[Try it] Copy the data that follows, character for character, minus the pictures.
=== Supplied material ===
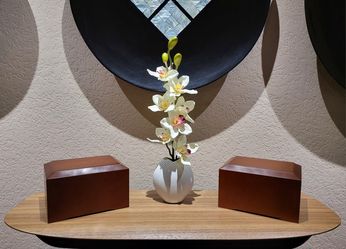 Wooden Cremation Urns (2)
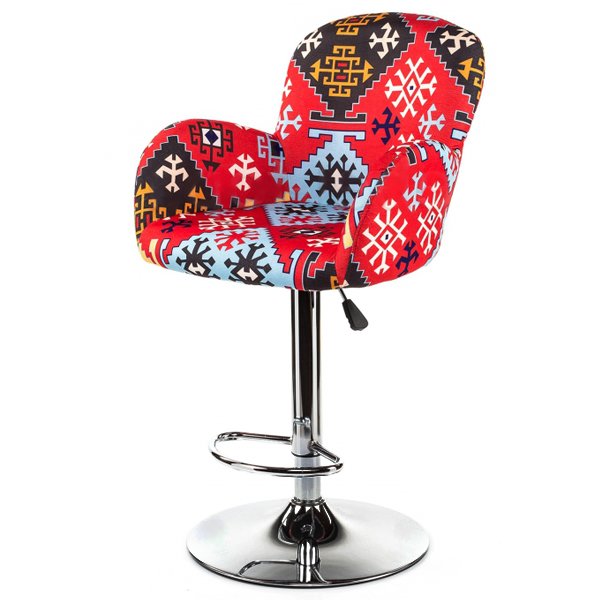 Барный стул Kelim Bar Stool Красный Хром Барный стул Kelim Bar Stool Красный Хром в Липецке | Loft Concept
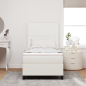 Preview: Boxspringbett mit Matratze Beige 90x200 cm Cordstoff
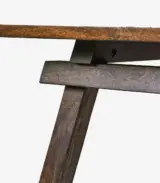 Arket Solid Mango Wood Table For 6 to 8 People (Natural Finish) - Image 5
===
[Response]
 Wooden Cremation Urns (2)
 Барный стул Kelim Bar Stool Красный Хром Барный стул Kelim Bar Stool Красный Хром в Липецке | Loft Concept
 Preview: Boxspringbett mit Matratze Beige 90x200 cm Cordstoff
 Arket Solid Mango Wood Table For 6 to 8 People (Natural Finish) - Image 5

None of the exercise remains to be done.